The SNDO provides an educational platform for artists who want to develop their professional practice and work in the field of choreography, dance and performance making. The programme fosters experimentation and critical reflection and guides students to develop their own artistic practice as well as to contribute to the development of the dance field at large. The SNDO offers a full time four-year professional education course leading to a Bachelor's degree in Art – Choreography.

SNDO’s international reputation, carefully curated programme and rich pool of students and alumni continue to contribute to the development, renewal, challenges and expansion of the established ways of thinking choreography and making (dance)performances.

Active Dialogue

Over and above its core curriculum, the SNDO does this through active dialogue with contemporary themes and politics within the profession, education and society at large; stimulating and initiating new developments and research in the area of dance and performance; by offering intensive courses and symposia, or occasionally by producing articles that can contribute to further development in the field. 

The SNDO has organized a number of conferences and workshops: Conversations on Choreography (March 1999), Bodies of Influence (June 1996), The Connected Body (August 1994), The Absent Body (2008), The Diva Body (2009), Body & Spirit (2010), Social Choreography (2011), On Consent in Dance and Performance (2018) and Activism, Art And Education – A Week With Angela Davis (2018). In addition, the SNDO regularly invites in lecturers as part of the Artist in Residence programmes at the ATD.

SNDO has built an international position and has students from different parts of the world coming from more than forty different countries. The staff and (guest-) artists and teachers are both Dutch and international and the courses are taught in English. 

The SNDO collaborates with number of local and international organizations from the fields of dance, performance, visual arts and education. The school has relations with Theatre Frascati, Veem House for Performance, Stedelijk Museum Amsterdam, If I Can’t Dance I Don’t Want To Be Part of Your Revolution, Dansmakers, Jacuzzi, ISO Amsterdam, Sandberg Institute – Studio for Immediate Spaces, the Graphic Design department of Gerrit Rietveld Academy all based in Amsterdam.

Internationally the SNDO maintains different types of ongoing or ad hoc relations with Uferstudios Berlin, PAF - St Erme Outre et Ramecourt, MA Choreography and Performance – Giessen, CND Paris, to name a few.

Like any educational structure SNDO is further recognized and enriched through the work of their alumni. The forty-year long trajectory has brought many choreographers, performance makers, dancers and teachers into the international field. 

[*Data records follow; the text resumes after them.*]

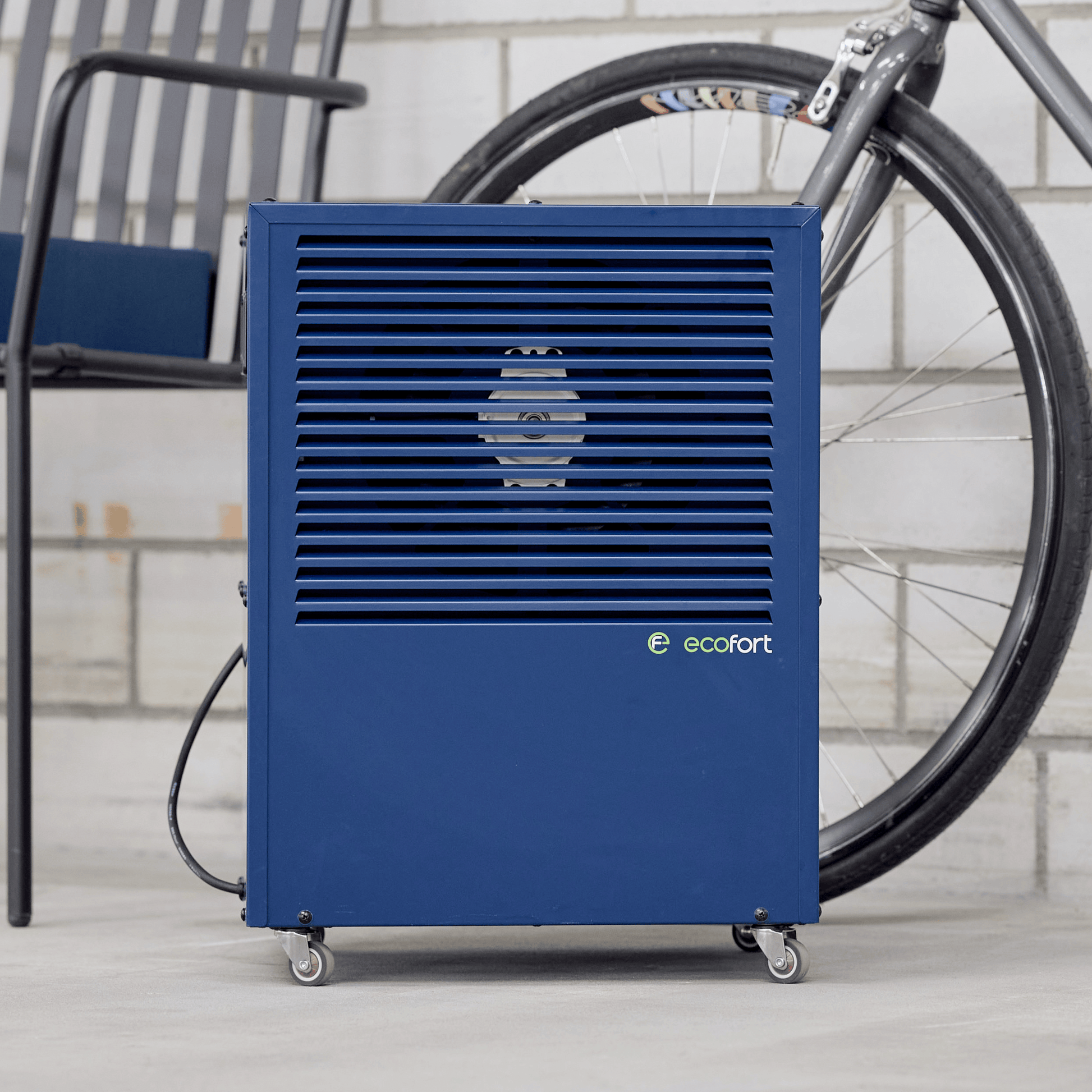 Stilvoller Schutz für edle Tropfen: ecodry CaveMaster Sapphire Blue sorgt für konstante Luftfeuchtigkeit auf Profi-Niveau.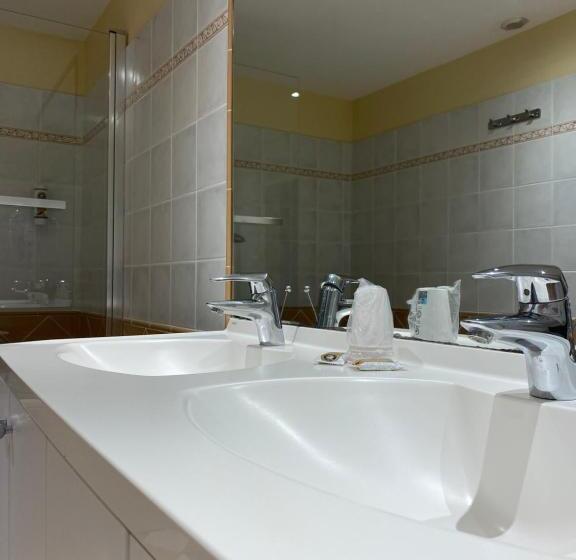 חדר סטנדרט לארבעה, Hôtel Du Musée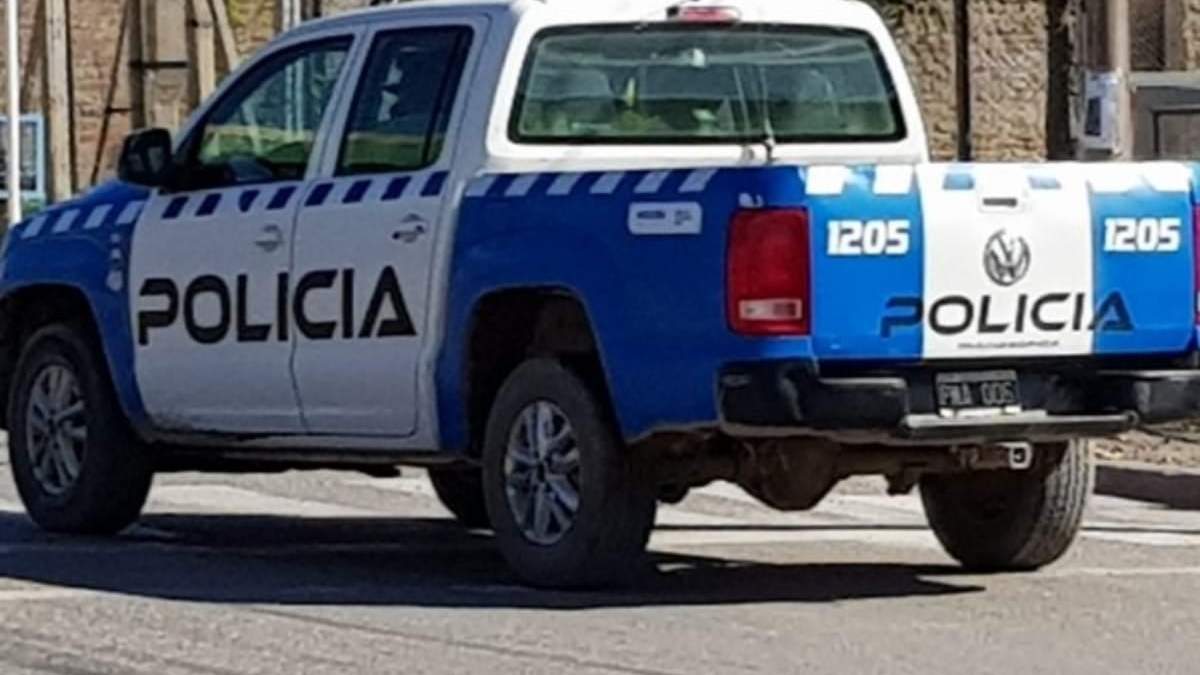 La Policía realiza operativos para detectar y detener motochorros. Fuente: (Centenario Digital).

The SNDO is part of the Academy of Theatre and Dance (ATD) at the Amsterdam University of the Arts (AHK) and accredited by the Dutch Ministry of Education, Culture and Science.

In the words of others

Due to the raise of interdisciplinary choreography, the validation of the body after a long period of its dismissal, dance regaining momentum after its facultative exhaustion as a mode of resistance to commoditization, the notions of movement inspiring activist philosophy, the emergence of neo-materialistic choreographic approaches that reject dualisms between nature and culture, subject and object, for these and many other tendencies too many to here innumerate, one can no longer rely on a consensus regarding what choreography can either include or exclude. 

To direct a school of choreography within such an ocean of possibilities and desires (immanent to the market pressures that so many artists understandably wish to resist), asks for the ability to apprehend and discern from today’s diversity what needs to be elected to be included in a study programme that substantiates and precipitates the future of this discipline, so this can perform in all its significance.

At SNDO today this is done in a dialogical and analytical manner operating at the interstice between the reality of the school and the one outside as a single continuum. 

The programme is crafted in a sensitive and fazed manner informed by the visions of the teachers, students, alumni and the transformations in the field. The curriculum constitutive of SNDO is being placed on the table and debated upon. Connections between different pedagogical approaches are traced and alterations are gradually implemented in the programme. The notions of embodiment, movement, race, and gender between others are being discussed in relation to the overall programme. 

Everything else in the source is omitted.